Mientras que en los textos de la versión común el fieltro es una excusa para la pasión que arrolla las convenciones sociales, en las obras de la versión cortés la tragedia se idealiza y profundiza merced a la pintura sicológica, en la que se ahonda en las dudas y debates del amor y la lealtad y que convierten la vida de los amantes y sus cónyuges en un continuo tormento. En la versión cortés de Tristán e Iseo se hace la verdadera historia de "amor y muerte" de la que habla Denis de Rougemont, en la que se exalta el amor‑pasión en su sentido más elevado; una pasión a la vez trágica y que procede de la voluntad, simbolizada por el filtro, pero que sólo puede conducir a la muerte.

Filtro por antonomasia, el loverdrinz, el tranc von minnen, es el brebaje fatal que hunde a quien lo toma en una embria­guez amorosa im­posible de disipar. En la Folie de Oxford se dice: “Es verdad, ebrio estoy a causa de una bebida” y “Bebimos de la misma copa: vos bebisteis y yo bebí. Ebrio he estado desde entonces. Mala borrachera ha sido que me ha costado tan cara”.



Este loverdrinz, creación de la madre de Iseo, la reina de Irlanda, es también el símbolo de la fatali­dad del amor; posee la fuerza pasional que ciega a los amantes y la fuerza psíquica que los nutre de recursos. Es vinz herbé, vino y yerbas, pero yerbas recogidas a la hora propicia y mezcladas con el debido arte, "... estaba pensada y escogida con tanta inteligen­cia" (G. de Strasburgo, p. 229) que en lugar de ser un vino inocuo era capaz de hacer "que cualquiera que la bebiera en unión con otra persona, sintiera lo que sintiera por ésta, la amaría por encima de todas las cosas, sucediéndole a ella lo mismo." (p. 229)
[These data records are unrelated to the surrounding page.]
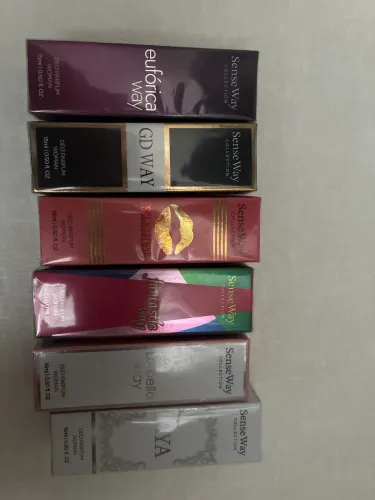 Vendo perfumes de bolsa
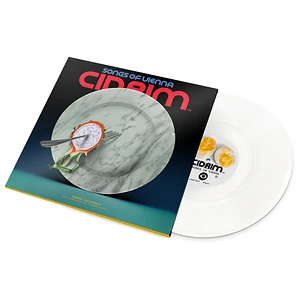 Cid Rim - Songs Of Vienna White Vinyl Edition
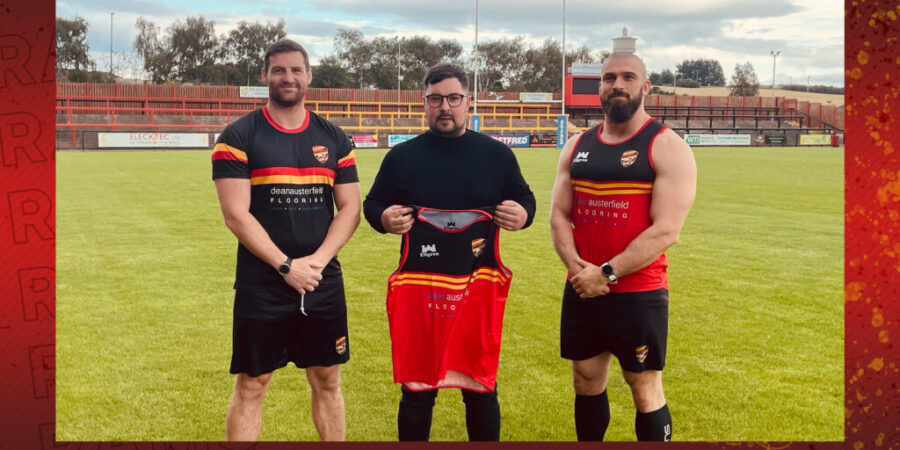 RAMS UNVEIL ELLGREN AS CLUB’S NEW KIT SUPPLIER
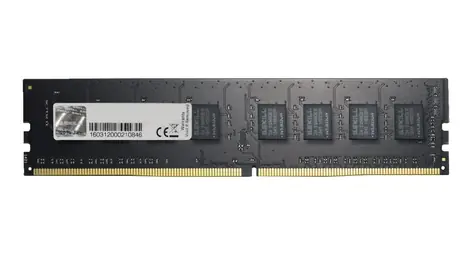 G.SKill Value 8GB (1x8GB) 2666MHz / DDR4 / 19-19-19-43 / 1.2V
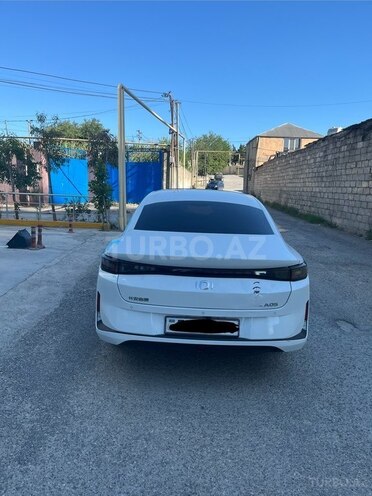 Changan Qiyuan A05-7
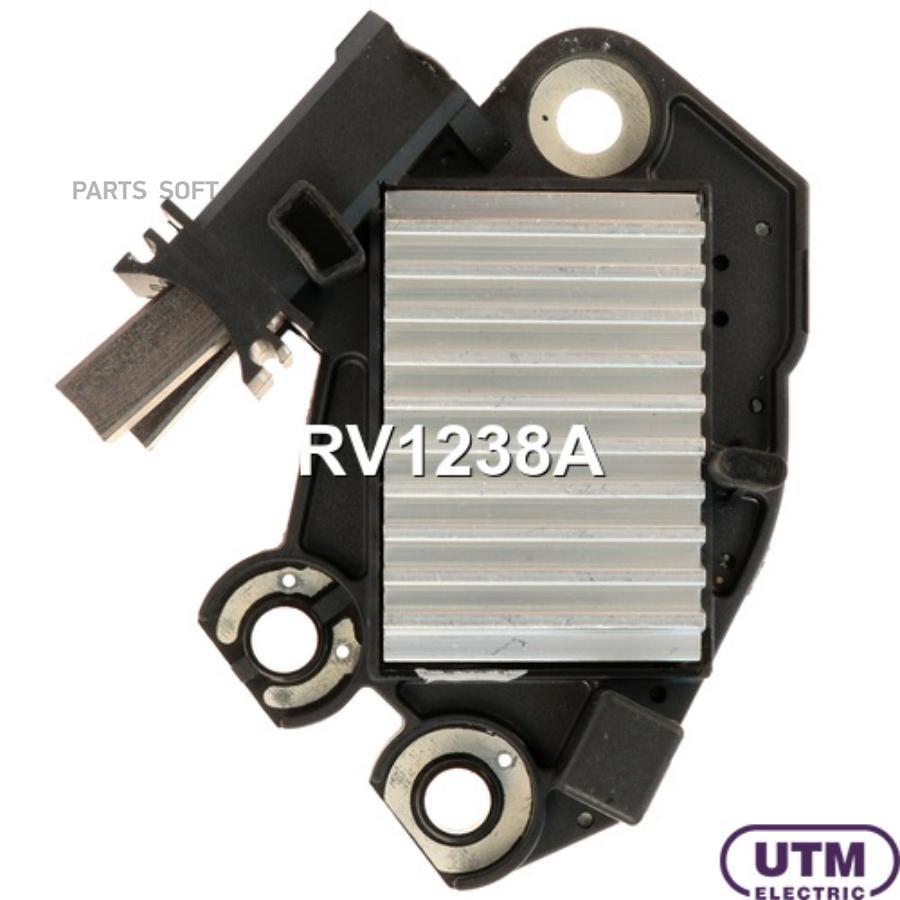 

UTM Регулятор генератора 1шт UTM RV1238A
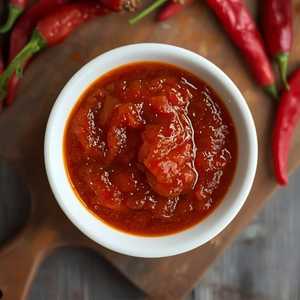 Side Spicy Chili Jam
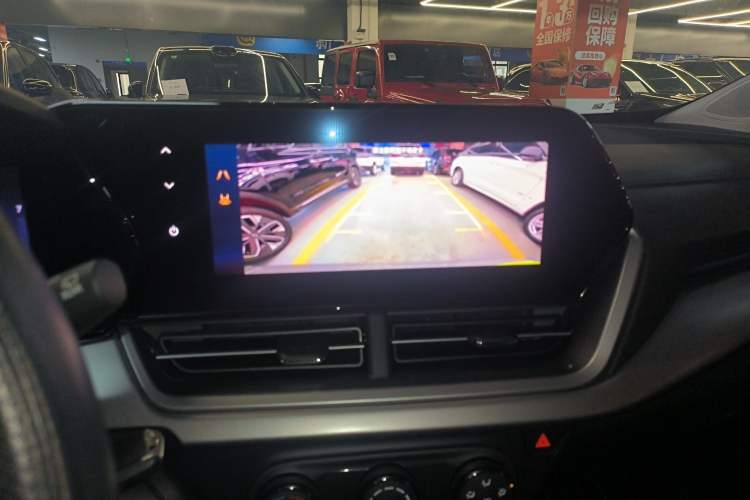 Used Chevrolet Seeker 2022 1.5T CVT Trend-Setting Edition
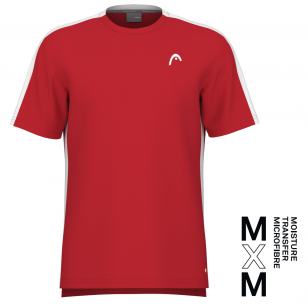 Head SLICE T-Shirt Men RD - 48/50 (М)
Siendo así, estando ebrios los amantes, ¿puede entonces existir amor cortés? Quizás no, pero, sea cual sea el papel del filtro, causa que disculpa los crímenes, mera excusa o símbolo, es el corazón de la leyenda. El filtro amoroso, que bien podría corresponder al geis celta aparece en todos los textos de la materia, y debe ser parte muy importante en toda interpretación que se pretenda sobre esta historia. El papel del loverdrinz  es el de ser a la vez elíxir de vida y veneno de olvido, filtro de amor y muerte; beberlo es beber la fuerza suficiente para desear y el olvido necesario para trai­cionar.



Gracias al filtro, la pasión de Tristán e Iseo es un desafío a las leyes del mundo cortés, tan es así que la muerte de los protagonistas se dibuja como una victoria de ese mundo sobre el amor anarquista; pero con el surgimiento, sobre sus tumbas, de las plantas que perpetúan la imagen de los amantes, se convierte en un símbolo del poder del amor. Utilizan­do este motivo folclórico que aparece en distintas baladas y romances se crea una hermosa alegoría del amor más poderoso que la muerte.